Special to The Hays Daily News

Brock Newell, Marisa Fieseler, and Hayley Normandin, three Palco High School students were accompanied by Wyatt Robinson, a University of Kansas freshman, and their science instructor, Richard Robinson, to a location south of Russell Springs, Kansas to help survey the endangered black-footed ferret.

The group gave up one night of their spring break to assist U.S. Fish and Wildlife Service personnel in surveying the most endangered mammal in North America. The ferrets were reintroduced into Kansas in 2007 after becoming nearly extinct in the wild. Black-footed ferrets live almost exclusively on prairie dogs. They were pushed to the brink of extinction as people tried to eradicate the prairie dog.

The students left Palco at 2:30 p.m. March 15 and arrived at the survey site at 5 p.m. Upon arrival the group was given an evening meal of buffalo burgers and chips. It was at this time that our group received group assignments and onsite instructions.

The other surveyors were from colleges all across Kansas, and one group was from Smith College in Massachusetts.

Palco is the first high school group that has been allowed to help. The group divided into eight smaller groups. Hayley and Marisa were in one group, and Brock, Wyatt and I were in another group.

We began our survey at dark.

The first of seven ferrets was caught within 45 minutes. Marisa and Hayley's group caught the sixth ferret, a male, between 4 and 4:30 a.m.

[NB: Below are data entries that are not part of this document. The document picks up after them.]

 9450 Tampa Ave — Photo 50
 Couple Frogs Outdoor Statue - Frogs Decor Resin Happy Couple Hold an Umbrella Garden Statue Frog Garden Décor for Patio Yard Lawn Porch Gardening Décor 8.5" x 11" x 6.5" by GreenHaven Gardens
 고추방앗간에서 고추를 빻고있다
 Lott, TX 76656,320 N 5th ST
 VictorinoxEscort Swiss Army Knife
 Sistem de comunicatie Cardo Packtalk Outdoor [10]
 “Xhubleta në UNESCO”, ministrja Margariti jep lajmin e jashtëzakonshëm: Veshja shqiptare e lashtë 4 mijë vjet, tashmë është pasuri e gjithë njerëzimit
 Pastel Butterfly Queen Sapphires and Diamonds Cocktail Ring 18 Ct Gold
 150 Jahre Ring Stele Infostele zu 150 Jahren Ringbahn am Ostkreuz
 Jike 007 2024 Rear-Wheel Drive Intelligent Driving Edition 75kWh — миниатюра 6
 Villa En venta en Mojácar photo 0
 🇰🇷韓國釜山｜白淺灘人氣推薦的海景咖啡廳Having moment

Our group, led by Dan Mulhern, spent the entire night driving through 2 square miles of pasture with our windows down looking for ferrets and slowly freezing to death. The temperature dropped from 45 to 25 degrees during the time we did our survey.

We came across deer, coyotes, four skunks, five badgers, countless rabbits and one swift fox.

The swift fox really got us excited because their eyes glow the same bright emerald green as the black-footed ferret. We crossed many fences, gullies and deep cattle trails. At 5 a.m., as we were driving down a fence row, Brock spotted a ferret within 50 feet of our vehicle. We hurriedly set a trap in the burrow and plugged all the nearby tunnel entrances.

We then left the area for 30 minutes to allow the ferret to relax and, hopefully, climb into the trap. When we returned we could see the bright eyes and bobbing head of the ferret in our trap. We quickly collected the trap and transported the ferret to our base camp where a veterinarian checked out its health, sex (ours was a young female), and implanted two microchips for later identification. We then returned the ferret to the same burrow we had captured it from.

The seven ferrets (five new and two recaptures) were a record for one night of trapping. We were extremely lucky to have both of our groups involved with a capture.

These Palco students are now numbered in a group of less than 200 people who have captured and tagged a wild black-footed ferret. The Fish and Wildlife Service continued to survey these ferrets for eight days through March 25.

This outing was a wonderful educational experience and quite an adventure.

After spending an entire night in the field and seeing the sunrise without sleeping, we returned home. Needless to say, the weary students slept all the way back to Palco.

* Richard Robinson is in his first year teaching science at Palco High School but has a 33-year career teaching science, all but one of it at Hill City High School. He and his wife, Debbie, live on a farm south of Hill City. His son, Wyatt, is the youngest of six.